Special register of TCS providers
Furthermore, there is a requirement (reg 54 of the AML Regulations) for any TCS provider to be included on a special register of TCS providers set up and maintained by HMRC. If you are a TCS provider, you should have included that information on your AML certificate, and your AML supervising body (in Scotland, the Law Society of Scotland) should have submitted your details to HMRC.
Ongoing monitoring
In all cases, as required by reg 28(11), there is a need for ongoing monitoring of the relationship/transaction. It is often the case that an off-the-shelf legal entity is set up as a special purpose vehicle in the context of a corporate or property transaction. In some firms the administration of setting up the entity may be carried out by an individual or a team (e.g. a TCS team) quite separate from the corporate/property team dealing with the acquisition. This can mean that the TCS team/individual may well establish their own continuing relationship with the client, particularly where, for example, registered office services are to be provided on an ongoing basis.

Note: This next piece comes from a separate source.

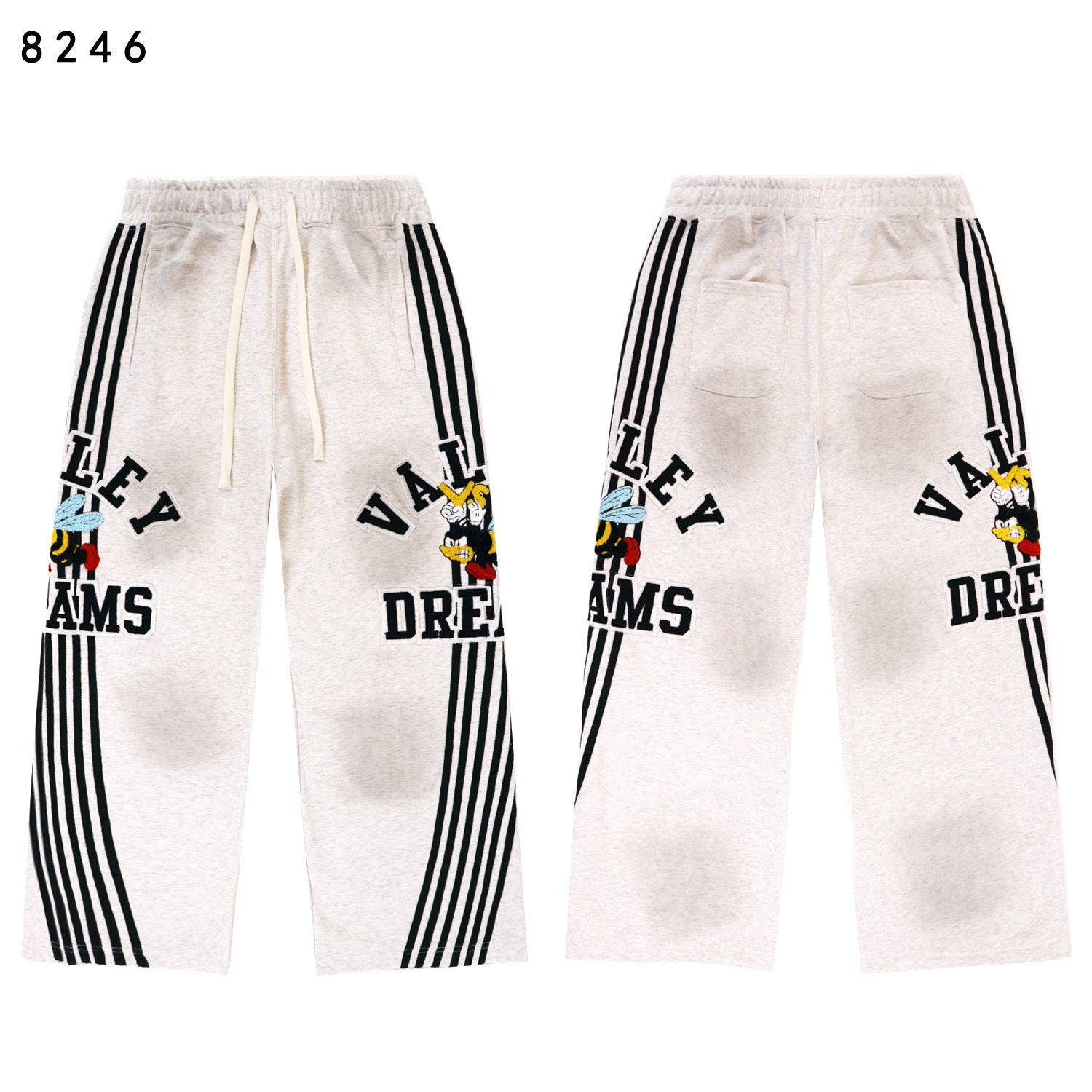 Valley Dreams Cartoon Bee Stripe‑Sleeve Wide‑Leg Sweatpants, Heather Grey Vintage Streetwear Unisex Trousers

This can have the result that the relationship with the TCS team/individual may continue after the corporate/property team's involvement with the client entity has come to an end.
But here is the risk: just how well can the TCS team/individual really know the ongoing business of the client if all they are doing is providing a registered office or other similar services? Indeed, routine administrative TCS are not particularly remunerative and, in some cases, this may result in a downgrading in the effort applied in monitoring the ongoing relationship.
That would be a mistake. In the absence of a wider, deeper relationship with the client there is a greater risk that, with the passage of time, a client with criminal intent can use for illegal activity that limited company or partnership, blessed with the good name of the law firm that established it and which (for example) may continue to provide a registered office. It will not be a persuasive defence in a prosecution brought under the Proceeds of Crime Act to claim: “We didn’t know what that client was up to and in any event we just provided them with a registered office address.”
In this scenario, as the fee revenue reduces, the law firm should in many cases be even more diligent in the continuing monitoring of the client.
What does this mean in practice?
In response to the supplementary guidance, I would recommend the following:
- If not already included, you should update your firm-wide risk assessment to include the provision of TCS, and identify the level of risk to your firm in providing those services.
- Carry out an audit of the TCS that your firm is providing. Can you confidently confirm that you have a sound knowledge of the business of all the clients to whom you are providing these services?
- Review and update your processes for capturing the information required for client ID verification and risk assessment.
- Ensure that you have proper procedures in place to document the basis on which you will provide a client with a registered office or an officer (e.g. director or company secretary).
- Review the processes you have in place to regularly review and monitor the client due diligence you hold for your TCS clients. Are those processes sufficiently robust?
- Consider what additional safeguards may be required where your firm has been instructed by a TCS provider in another jurisdiction. In such a case you are one step removed from having knowledge of the end client's business; indeed, the TCS provider instructing you may be less diligent than you are in their scrutiny of clients and their business.
- Review (and if necessary design) bespoke training for your TCS team.
- Check that the AML certificate you submitted recently to your AML supervising authority includes TCS if you are providing any of these services.